Que s’est-il passé ?

    Arrêt de la Cour de cassation, 2e Chambre civile, 22 mai 2024, n°23-82.621

    Un salarié a été grièvement blessé par la chute de panneaux de treillis soudés transportés par un chariot élévateur.

    Le jour même de l’accident, lors de l’audition du conducteur de chariot, qui était également l’employeur de la victime, ce dernier a déclaré :

    • Avoir décidé de déplacer les treillis afin de les ranger à un endroit plus adapté ;
    • Avoir utilisé des sangles souples en tissu déjà utilisées et soumises aux intempéries depuis trois semaines, tout en sachant qu'elles étaient à usage unique ;
    • Avoir utilisé ces sangles sans avoir vérifié préalablement leur état.

    Après enquête des services de gendarmerie et de l’Inspection du travail mettant en avant les manquements commis, l'employeur a été poursuivi pour blessures involontaires.

    Le tribunal correctionnel déclare le conducteur/employeur coupable du délit de blessures involontaires. L’arrêt rendu par la cour d’appel confirme le jugement rendu par le tribunal correctionnel et le condamne pour blessures involontaires par violation manifestement délibérée d'une obligation particulière de prudence ou de sécurité prévue par la loi ou le règlement.

    Pour contester cette décision devant la Cour de cassation, le conducteur de chariot/employeur de la victime fait notamment valoir que les critères requis pour caractériser l'infraction qui lui était reprochée (blessures involontaires par violation manifestement délibérée d'une obligation particulière de prudence ou de sécurité prévue par la loi ou le règlement) n’étaient pas remplis.

    La Cour de cassation a jugé que les obligations applicables aux engins de levage de charges prévues par le Code du travail constituaient bien des obligations particulières de prudence ou de sécurité et que la violation de ces obligations par le conducteur/employeur était en l’espèce manifestement délibérée. Le pourvoi a donc été rejeté dans son intégralité.

    Pourquoi cette décision ?

    Les articles R4323-34 et R4323-47 du Code du travail prévoient l’obligation pour l’employeur de choisir et d’utiliser des accessoires de levage en fonction des charges à manutentionner, des points de préhension, du dispositif d'accrochage et des conditions atmosphériques et compte tenu du mode et de la configuration d'élingage.

    L’employeur faisait valoir que ces deux articles du Code du travail ne prévoient pas d'obligation particulière de prudence ou de sécurité, et qu’ils rappellent simplement, de façon générale, des principes de protection applicables au levage des charges, ce qui le laissait libre d'apprécier les moyens à mettre en œuvre pour respecter ces dispositions.

    La Cour de cassation rejette cet argument, et confirme que ces articles du Code du travail édictent, à la charge de l'employeur, des obligations particulières de sécurité, objectives, immédiatement perceptibles et clairement applicables, sans faculté d'appréciation personnelle de l’employeur.
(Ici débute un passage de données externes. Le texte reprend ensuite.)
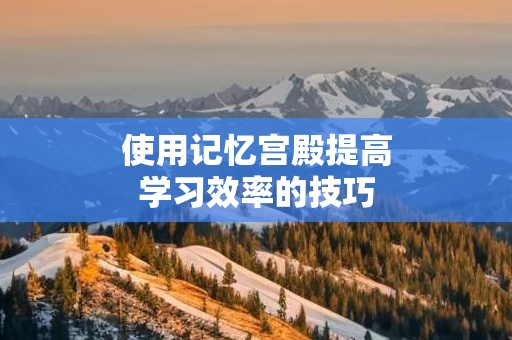 使用记忆宫殿提高学习效率的技巧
    De plus, les juges retiennent que le conducteur de chariot/employeur avait lui-même admis, lors de son audition, que les élingues utilisées lors de la manœuvre accidentogène n'étaient pas adaptées aux travaux effectués, et avoir donc choisi un matériel qui ne permettait pas d'empêcher une chute de la charge.
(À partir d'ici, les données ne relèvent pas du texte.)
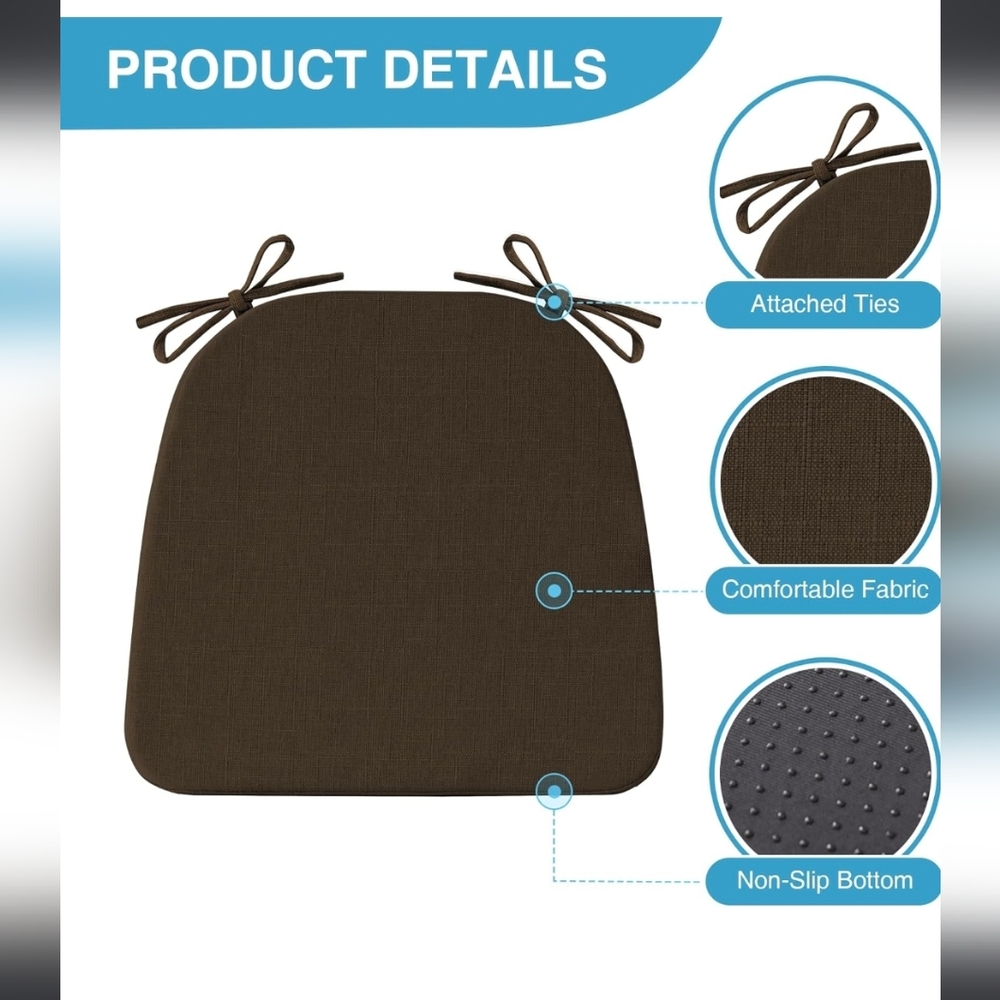 NEW Brown Seat Cushion w/Removeable Covers *6pc Set - Picture 4 of 8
    Par conséquent, la Cour de cassation considère que le recours par l’employeur à des accessoires de levage sans s'être assuré préalablement qu’ils étaient adaptés à l’usage prévu constitue le caractère délibéré de la violation de l’obligation qu’il lui appartenait de respecter.

    Commentaire

    Pour assurer la sécurité des opérateurs et de toute personne située à proximité, l’employeur doit réaliser des vérifications réglementaires des appareils et accessoires de levage utilisés par les salariés (articles R4323-22 et suivants du Code du travail).

    L’arrêté du 1er mars 2004 relatif aux vérifications des appareils et accessoires de levage précise la périodicité de ces vérifications ainsi que leur nature et leur contenu. Il impose notamment à l’employeur d'effectuer une vérification périodique des accessoires de levage tous les 12 mois afin de vérifier leur bon état de conservation et de déceler toute détérioration susceptible d’être à l’origine de situations dangereuses.